Impossible de me souvenir de la personne qui me reçut; je sais que c’était une femme. Je crois me rappeler qu’elle était d’âge mûr; elle me conduisit dans «la» chambre; spacieuse, aux plafonds hauts, meublée avec un goût exquis, de grands rideaux grenat, des tapis d’orient moelleux, un très grand lit, de nombreux coussins.
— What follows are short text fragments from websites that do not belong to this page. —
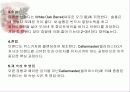 [주류학] 브랜디, 꼬냑, 알마냑 6페이지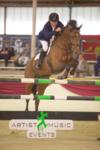 CSI1* Damme - Guests from 17 countries at the Equestrian Centre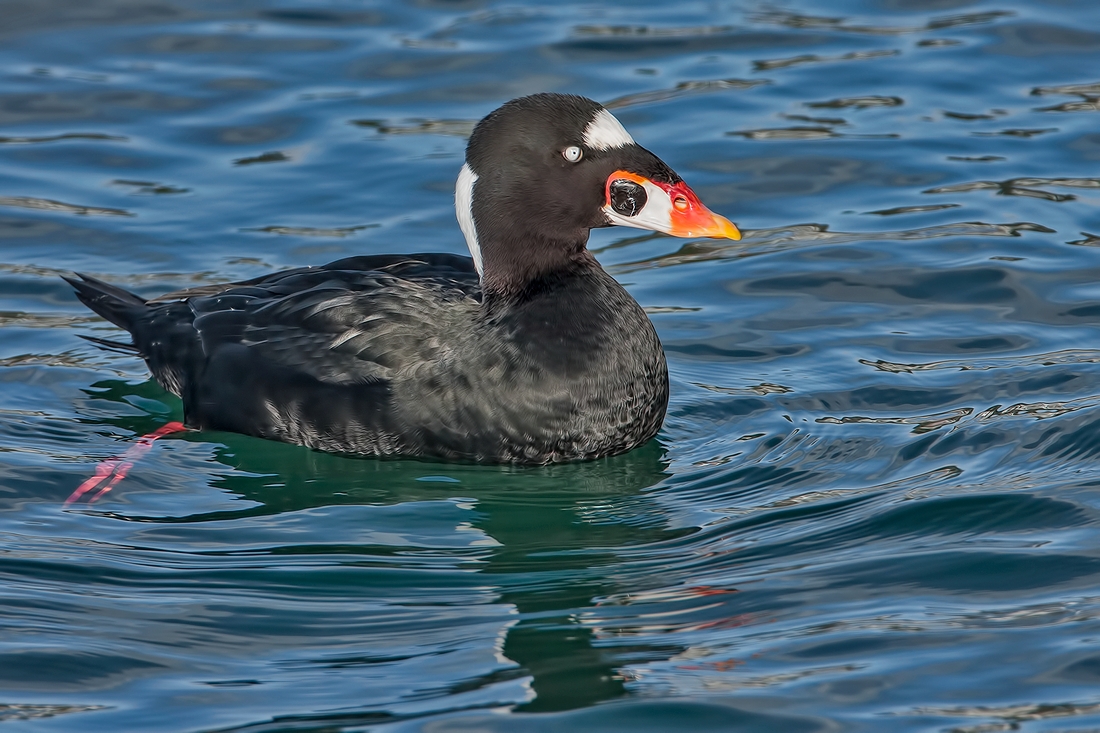 Surf Scoter (Male), White Rock, British Columbia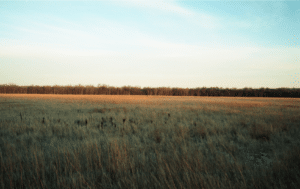 Prairie Grasslands Canada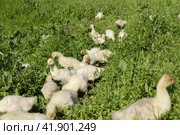 Белые гусята щипают молодую весеннюю травку на лугу. Стоковое фото, фотограф Юлия Сергеевна Купина / Фотобанк Лори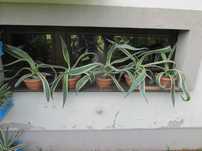 Odhodowana agawa z żółtymi brzegami - agave americana variegata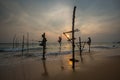 Stilt Fishermen Sri Lanka Traditional Fishing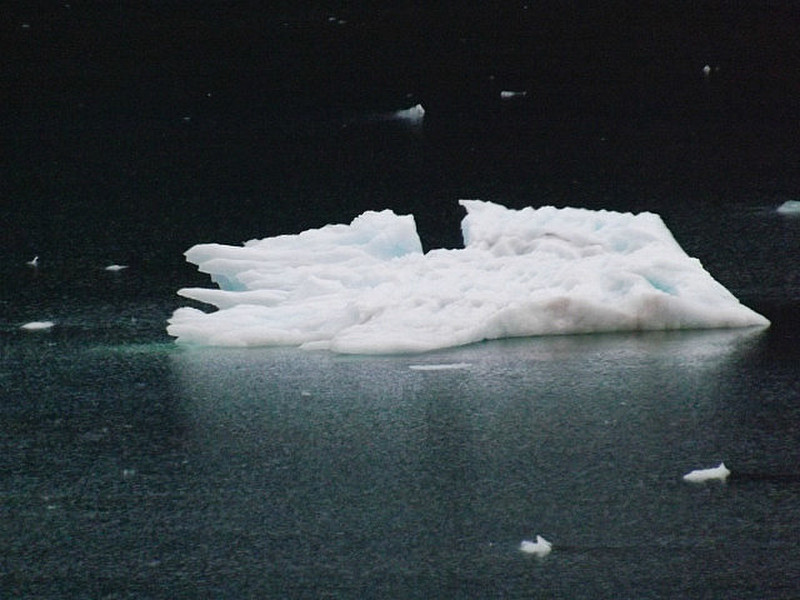 Ice flow from Skua Glacier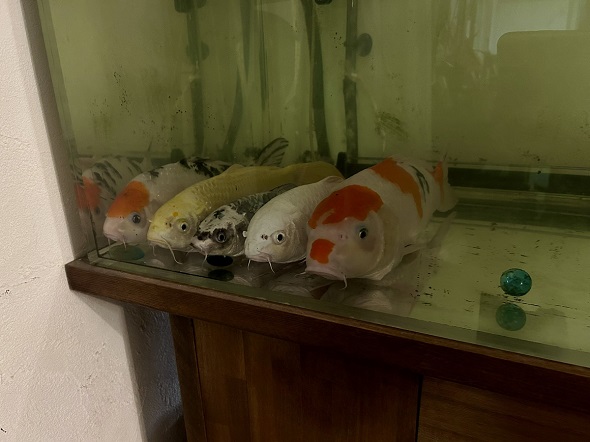 並んで寝ている5匹の鯉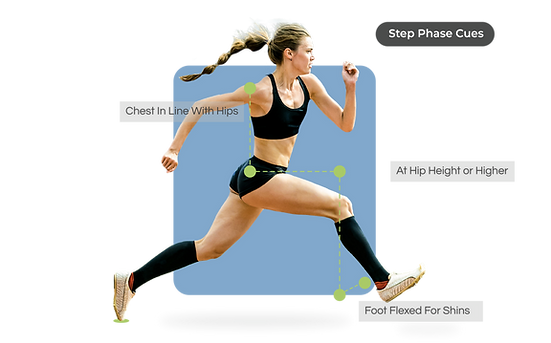 Website Assets - Step Phase.png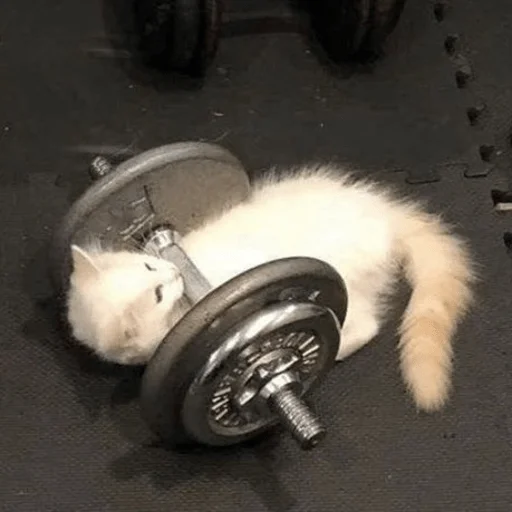 Стикер funnymemekitty - 1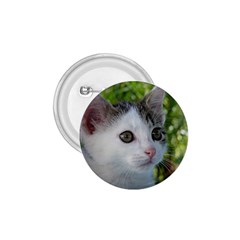 Young Cat 1 75  Button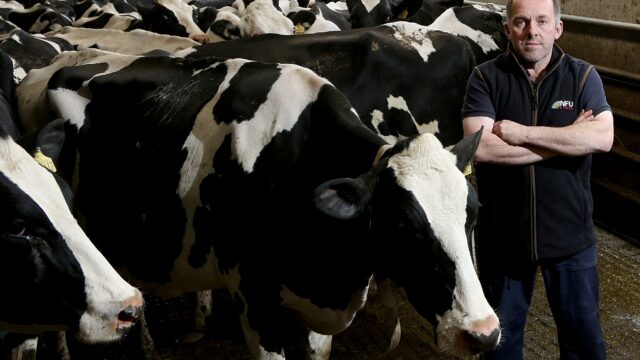 NFU: Next Welsh govt 'must give hope' of a future without bTB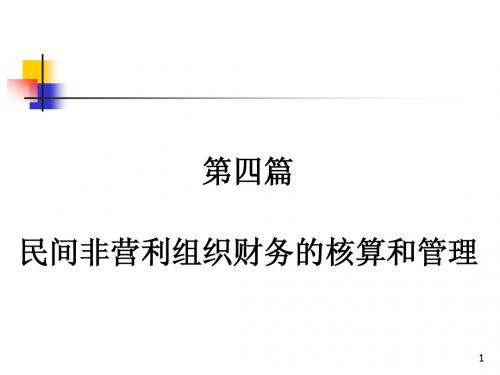 (cml4)民间非营利组织财务管理与核算
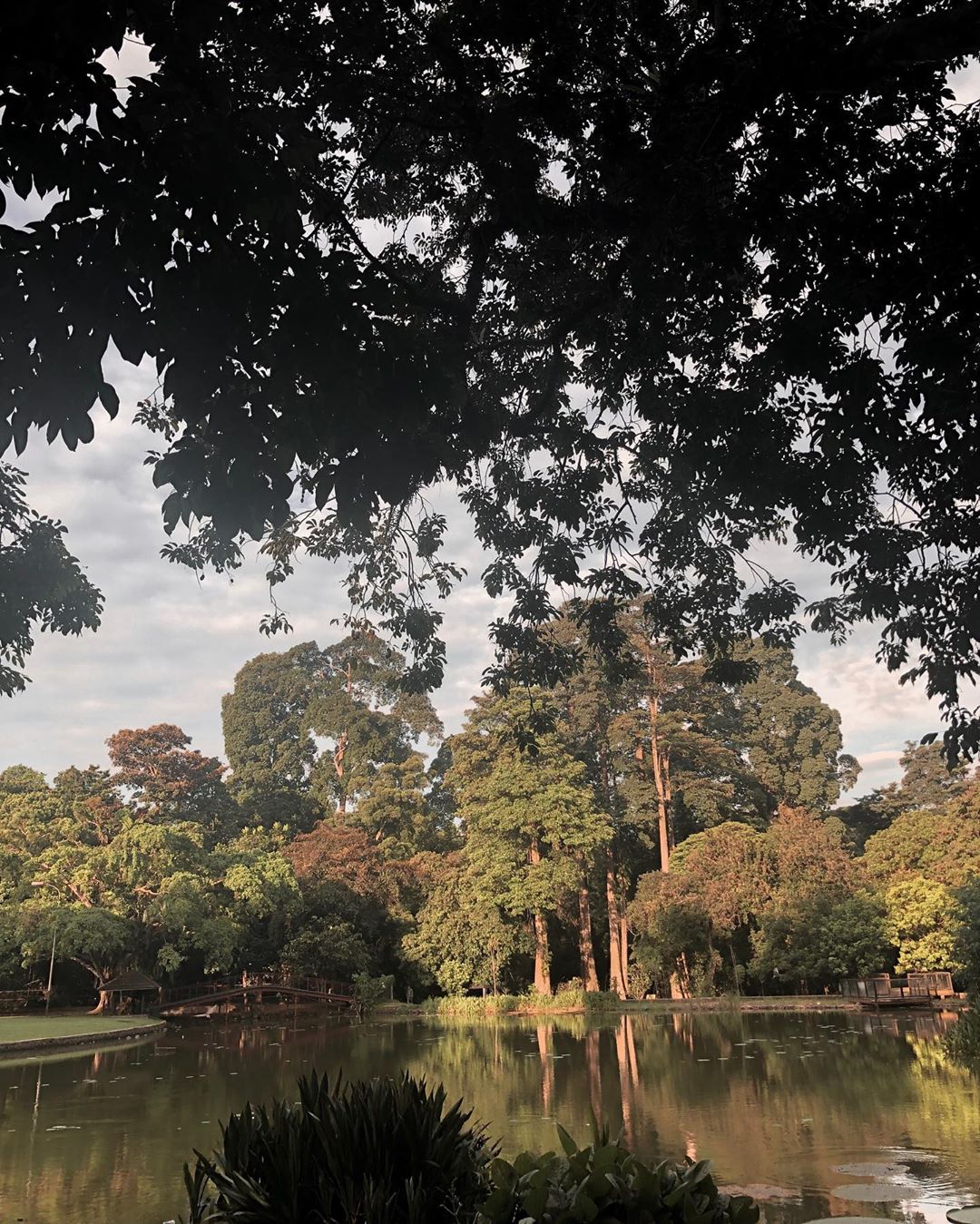 5 Tempat wisata di Bogor ini gak cuma indah, tapi juga horor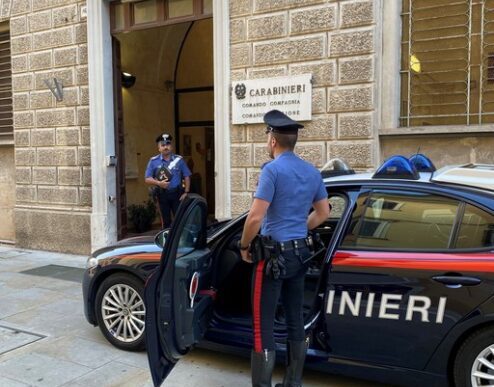 Dipendenti Infedeli Dei Serviz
Je m’installai comme une reine, prenant mon temps, fermant soigneusement les rideaux et vérifiant qu’il n’y avait aucune autre source de luminosité. Je pris alors un bain chaud, mousseux, divin puis m’allongeai sur le lit. Je choisis de me déshabiller et de l’attendre nue, ce que je fis dans le noir le plus complet. C’est fou ce qu’on peut alors entendre; les pas feutrés et glissants de quelqu’un dans le couloir, une porte que l’on ferme au loin, un gargouillis d’eau, des petites voix d’enfants au dehors; tout est feutré, ouaté. La vie est là mais de l’autre coté. Les yeux s’habituent au noir, continuent à ne rien voir mais, nouvelle dimension, en ont pris leur parti et ne cherchent plus à voir. Disponibilité complète et néanmoins esprit vif et corps en alerte.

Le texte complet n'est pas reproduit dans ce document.